Le courage, fil rouge de la saison du Escher Theater, est aussi le titre de sa nouvelle production présentée le week-end dernier. Le courage est un spectacle persuasif, malgré quelques lourdeurs, de la metteure en scène Catherine Schaub, qui retrouve la scène eschoise après y avoir monté La chambre des larmes. Ce courage là a été façonné à partir de monologues commandés à des auteures dans le cadre des Intrépides 2017 de la SACD, édition pilotée par Catherine Schaub.

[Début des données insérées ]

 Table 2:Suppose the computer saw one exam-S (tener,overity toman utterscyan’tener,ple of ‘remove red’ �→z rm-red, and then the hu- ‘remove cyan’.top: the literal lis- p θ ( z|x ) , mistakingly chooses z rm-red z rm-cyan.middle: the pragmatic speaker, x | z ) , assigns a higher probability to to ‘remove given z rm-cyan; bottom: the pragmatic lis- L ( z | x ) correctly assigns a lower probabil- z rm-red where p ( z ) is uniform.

Pour sa création luxembourgeoise, elle a choisi d’en faire un vrai spectacle et de travailler avec quatre comédiennes qui interviennent en solo (chacune porte un texte) et qui se font aussi danseuses et chanteuses en collectif au fil d’intermèdes singuliers dans un tel spectacle. À la base, il y a donc quatre textes, courts mais percutants, qui interrogent la condition des femmes d’aujourd’hui en partant d’histoires vraies. Ils prennent à bras-le-corps les thèmes de la force et de la résistance, mais aussi de la lâcheté et de la culpabilité et questionnent les notions d’éthique, de justice et d’humanité en évoquant le destin de femmes victimes ou témoins de la violence, publique ou privée, physique ou psychologique, drame du quotidien ou horreur de l’Histoire.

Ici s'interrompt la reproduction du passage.